Reproduce exactly the lines from the start of the records through the line containing "厂家直供泡脚原木色桶泡浴木桶黄桶沐浴桶熏蒸桶养生馆橡木60双耳", both included. Leave the pictures out.

- PROVIDED RECORDS -
===

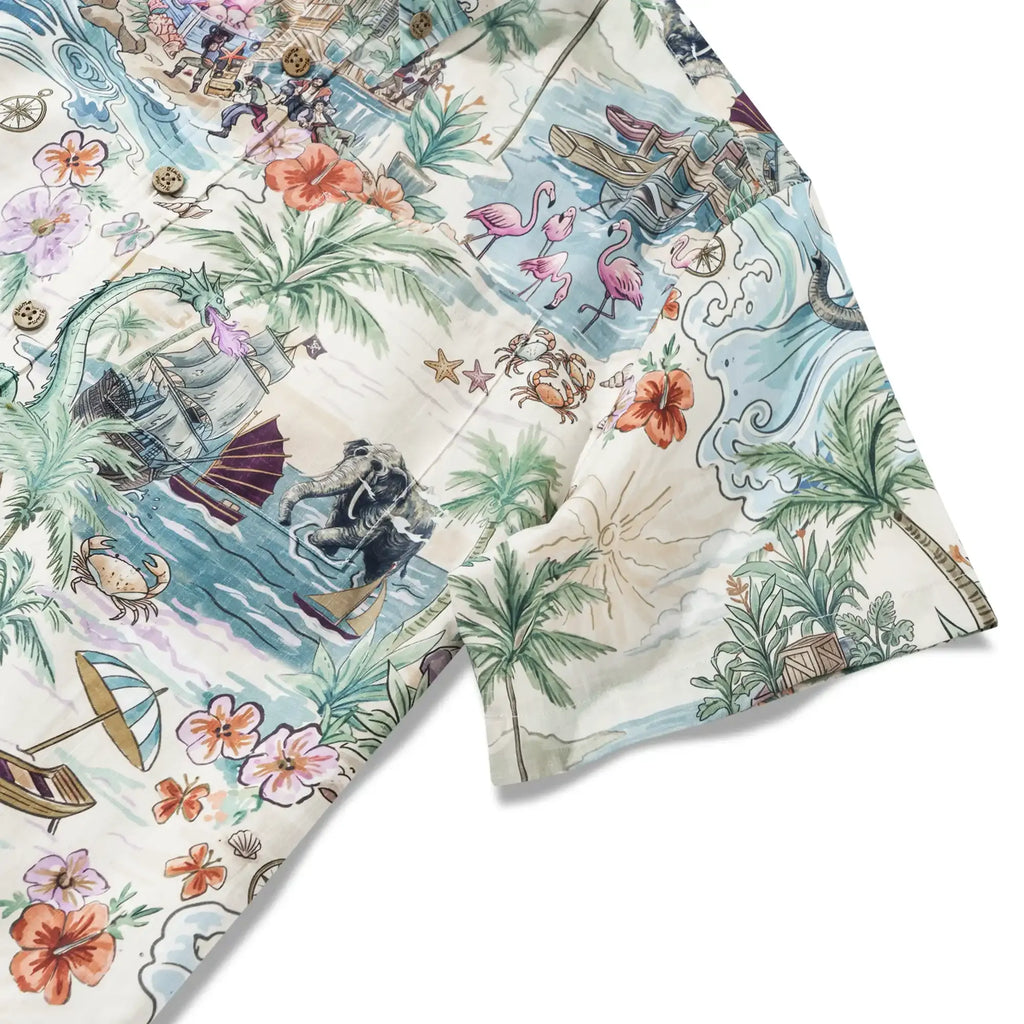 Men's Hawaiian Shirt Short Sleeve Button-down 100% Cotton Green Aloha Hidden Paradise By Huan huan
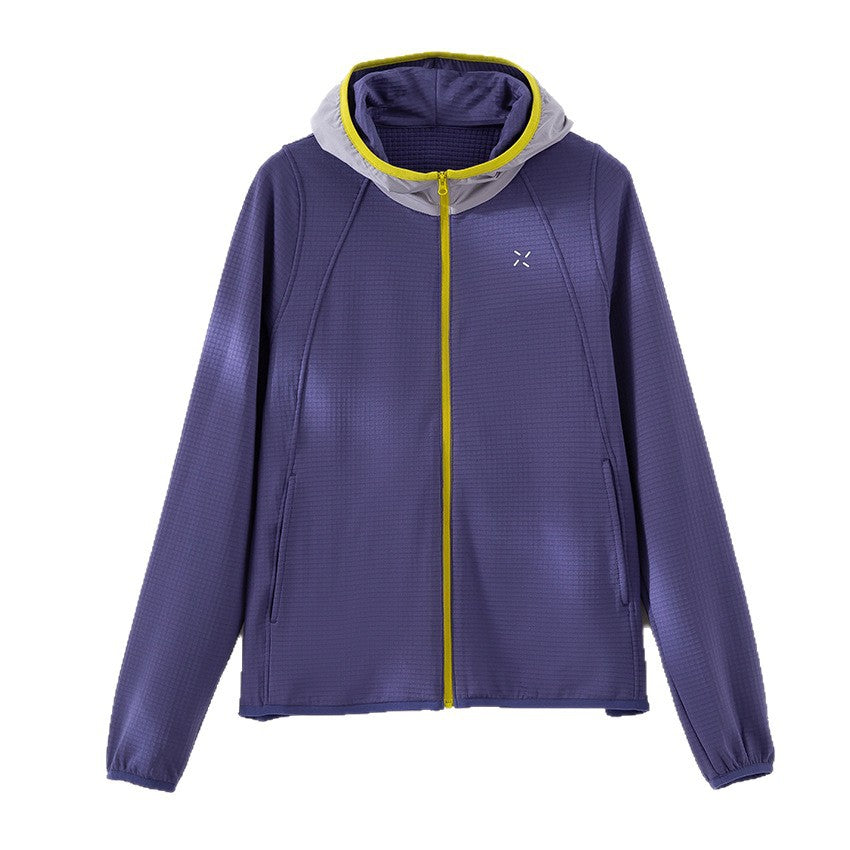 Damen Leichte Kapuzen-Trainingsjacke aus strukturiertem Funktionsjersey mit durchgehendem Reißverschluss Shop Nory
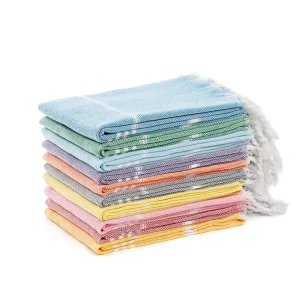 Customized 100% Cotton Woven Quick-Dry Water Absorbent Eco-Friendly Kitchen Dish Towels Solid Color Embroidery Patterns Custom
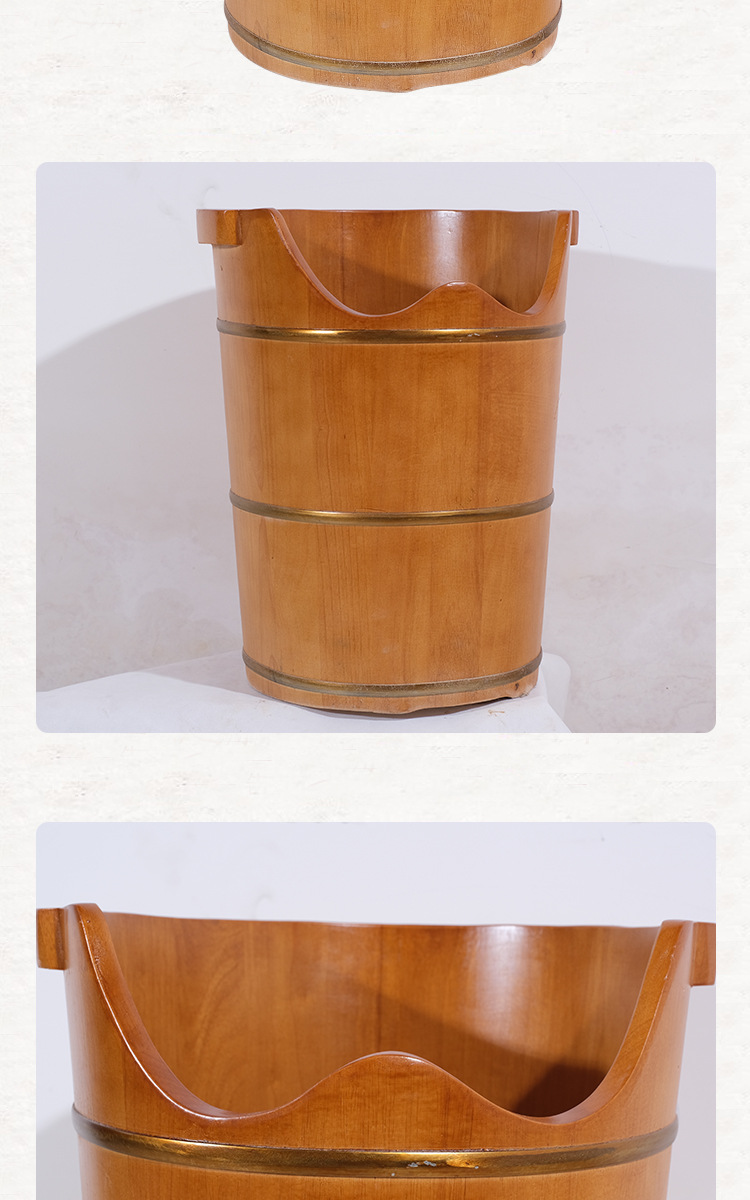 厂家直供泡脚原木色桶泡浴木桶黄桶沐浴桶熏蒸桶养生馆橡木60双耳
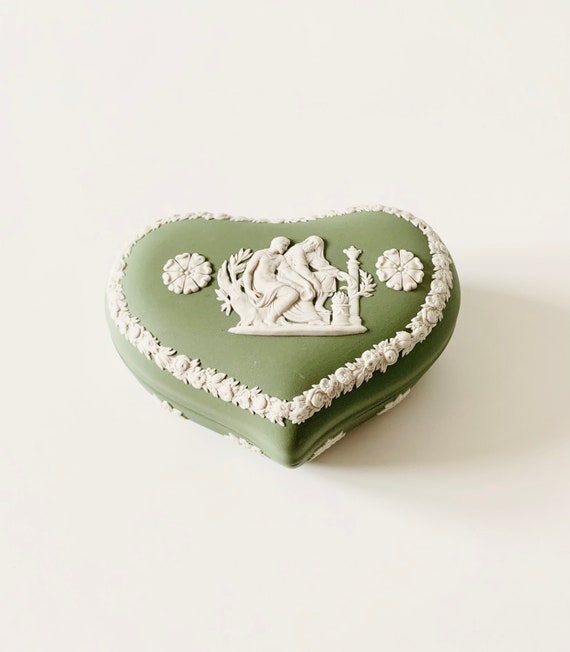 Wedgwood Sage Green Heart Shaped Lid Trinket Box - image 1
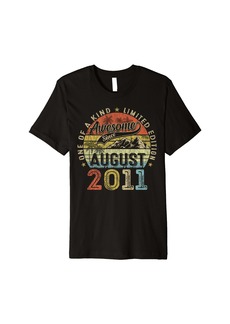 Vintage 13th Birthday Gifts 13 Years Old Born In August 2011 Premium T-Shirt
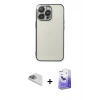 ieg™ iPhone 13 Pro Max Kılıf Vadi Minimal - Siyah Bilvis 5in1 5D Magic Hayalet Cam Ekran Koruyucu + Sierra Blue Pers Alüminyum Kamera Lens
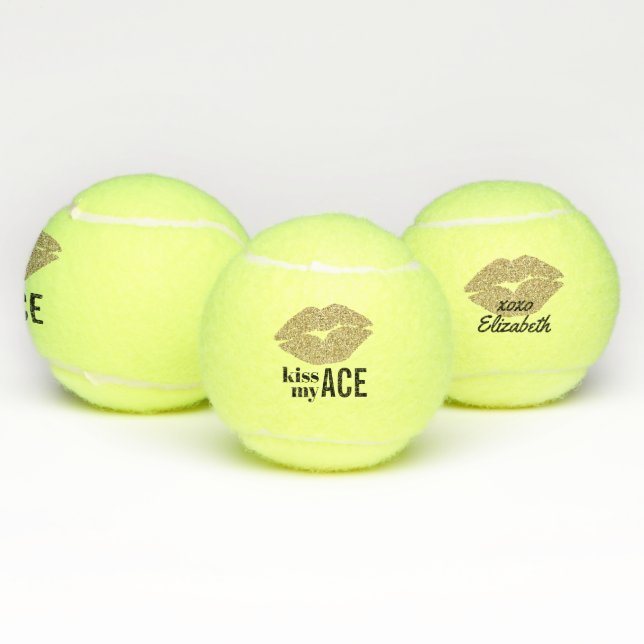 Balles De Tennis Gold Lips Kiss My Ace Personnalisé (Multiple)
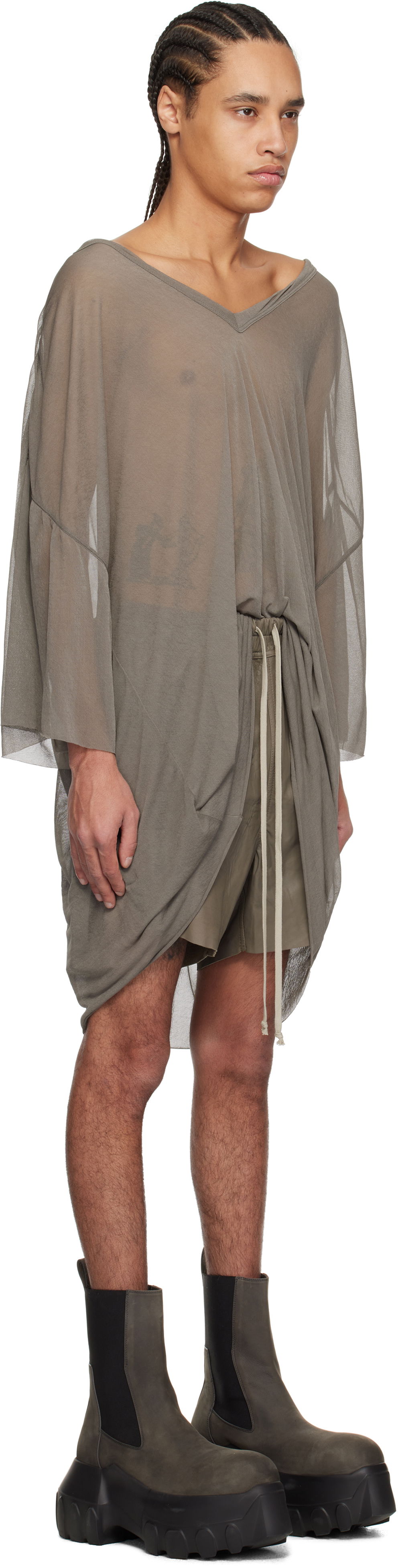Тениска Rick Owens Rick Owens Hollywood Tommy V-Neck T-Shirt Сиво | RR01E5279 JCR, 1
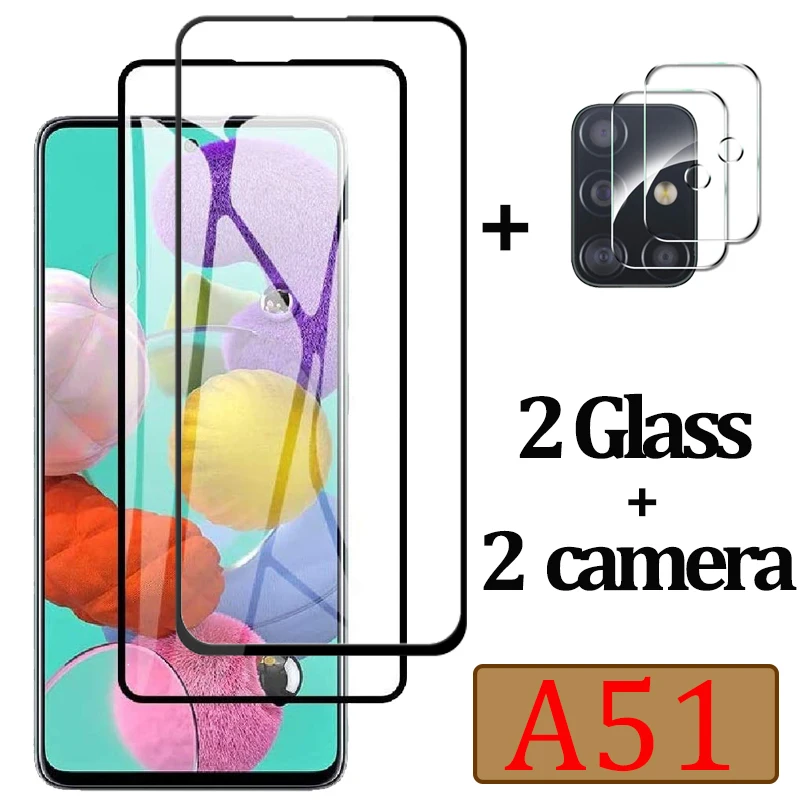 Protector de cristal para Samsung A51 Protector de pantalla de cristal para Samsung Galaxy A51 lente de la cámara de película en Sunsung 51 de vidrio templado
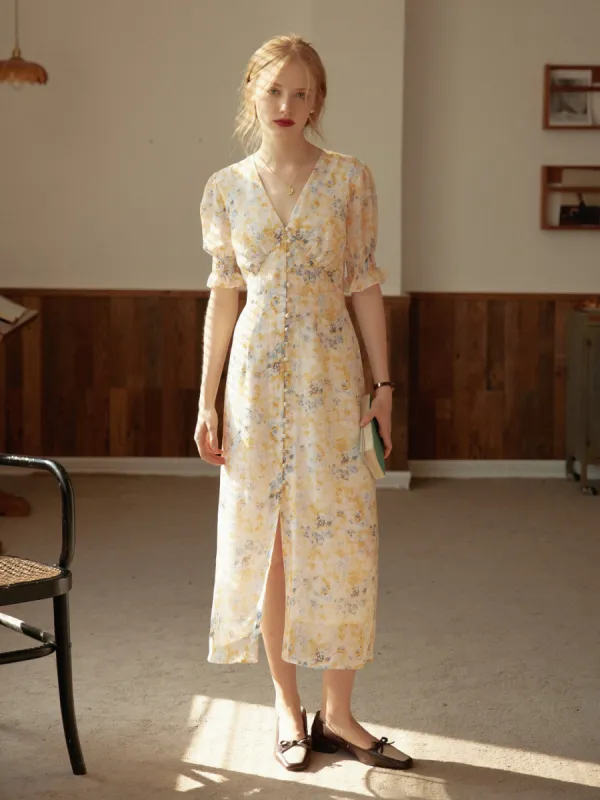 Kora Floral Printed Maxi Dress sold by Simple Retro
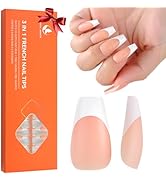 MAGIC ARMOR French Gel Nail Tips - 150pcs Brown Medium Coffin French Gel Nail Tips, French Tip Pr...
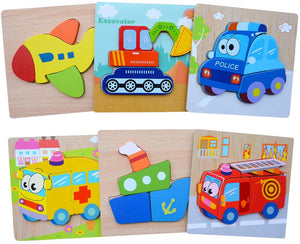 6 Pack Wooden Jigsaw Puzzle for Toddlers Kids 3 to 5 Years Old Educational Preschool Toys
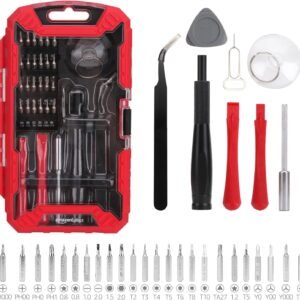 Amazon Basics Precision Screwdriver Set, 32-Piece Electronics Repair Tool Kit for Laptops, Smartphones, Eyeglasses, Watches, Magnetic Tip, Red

===

- COMPLETED TASK -
 Men's Hawaiian Shirt Short Sleeve Button-down 100% Cotton Green Aloha Hidden Paradise By Huan huan
 Damen Leichte Kapuzen-Trainingsjacke aus strukturiertem Funktionsjersey mit durchgehendem Reißverschluss Shop Nory
 Customized 100% Cotton Woven Quick-Dry Water Absorbent Eco-Friendly Kitchen Dish Towels Solid Color Embroidery Patterns Custom
 厂家直供泡脚原木色桶泡浴木桶黄桶沐浴桶熏蒸桶养生馆橡木60双耳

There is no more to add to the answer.